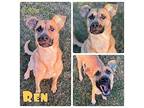 Ren Black Mouth Cur Young Female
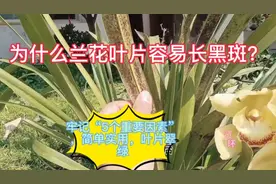 为什么兰花叶片容易长黑斑？牢记5个重要因素，叶片翠绿，很实用视频封面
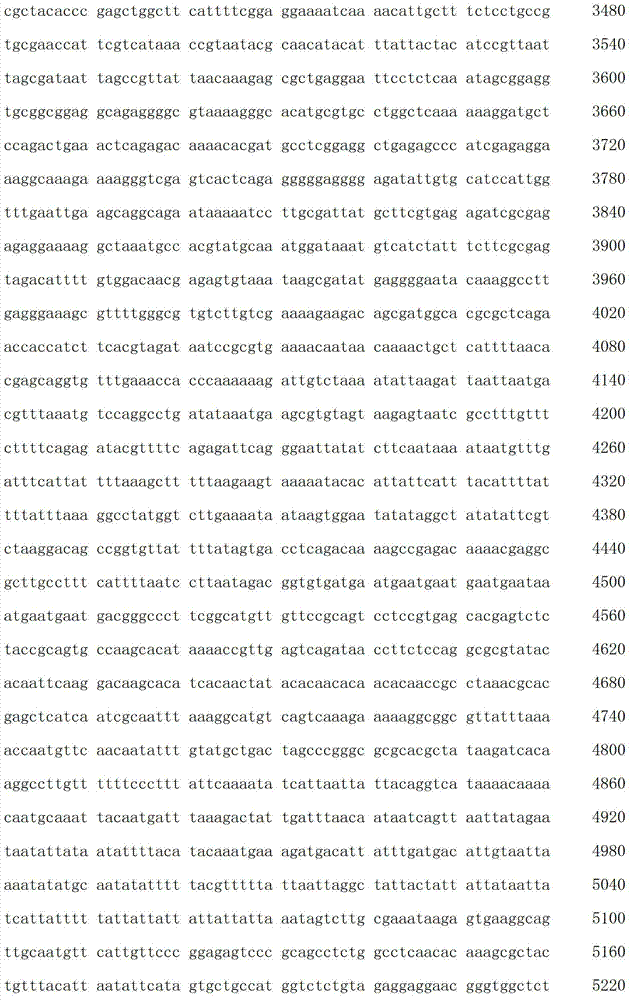 Figure IDA00003076741800321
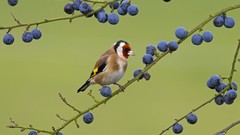 Birds Berries goldfinch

■ **Assignment**: Where a line contains "为什么兰花叶片容易长黑斑？牢记5个重要因素，叶片翠绿，很实用视频封面", begin there and set down exactly each line through the end of the data above, omitting any pictures.

■ **Task response**:
 为什么兰花叶片容易长黑斑？牢记5个重要因素，叶片翠绿，很实用视频封面
 Figure IDA00003076741800321
 Birds Berries goldfinch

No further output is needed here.